There was something cool and untouched about Cosmina, and it occurred to me that even if she were to marry and bear a dozen sons, she would always remind me of the Madonna, remote and beautiful and above the squalid and the mundane. I was grieved to find that the little necklace of blue beads that Cosmina had presented to me was gone, lost somewhere in the workroom, and I determined to find it as quickly as possible.

  I meant to visit the workroom during the day, but my book intruded. I wrote for hours in the library, Tycho resting at my feet as I scribbled, and when I emerged, it was to find I was very nearly late for the evening meal.
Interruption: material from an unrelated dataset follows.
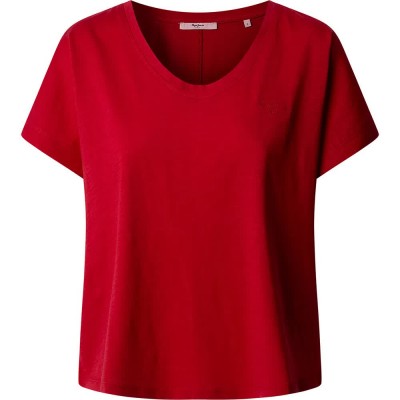 тениска,дамски,тениски,pepe,jeans,malena,short,sleeve,v,neck,t,shirt,red,(red)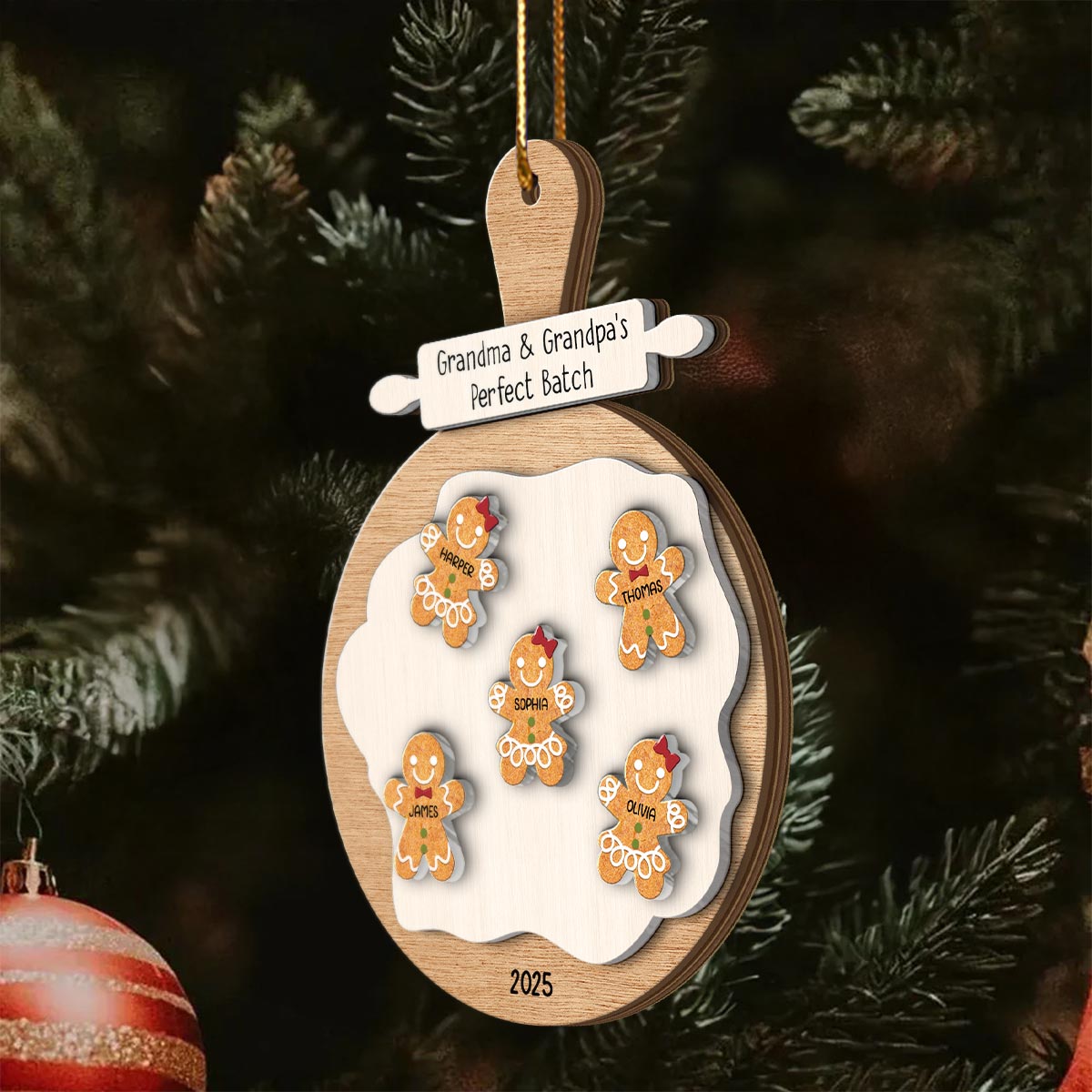 Gingerbread Cookie Perfect Batch - Personalized Spinning Charm Ornament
I hurried through my ablutions and joined the company in the great hall, surprised to find the countess holding court.

  “Good evening, my dear,” she said, inclining her head slowly.

  “Good evening, madame. How nice to see you,” I returned, rather breathlessly.

  Frau Amsel stood at the countess’s shoulder, hovering protectively and refusing to look directly at me, as if I were a basilisk. I did not mind; if she were as vile as the count suggested, then I should prefer to keep my distance. Florian looked exhausted from his efforts in the village. His hair was newly slicked with water and he rocked a little on his heels from fatigue. Cosmina was still a trifle paler than I would have liked, but she greeted me with a warm smile. I did not dare look directly at the count, but I fancied he was regarding me thoughtfully, and I felt the heat rise in my cheeks at the memory of what we had done together.

  The meal was rather more formal in view of the countess’s presence, and when it was concluded we repaired to the library for an evening of piquet and music. It was a pleasant enough time, or would have been, were it not for the things that went unspoken. There was much we might have said to each other, and much that we concealed.

  But the evening passed and when the clock struck eleven, we rose to retire. Just as we reached the great hall, a tremendous thud echoed throughout the room. Cosmina gave a little gasp, and the countess’s hand flew to her heart.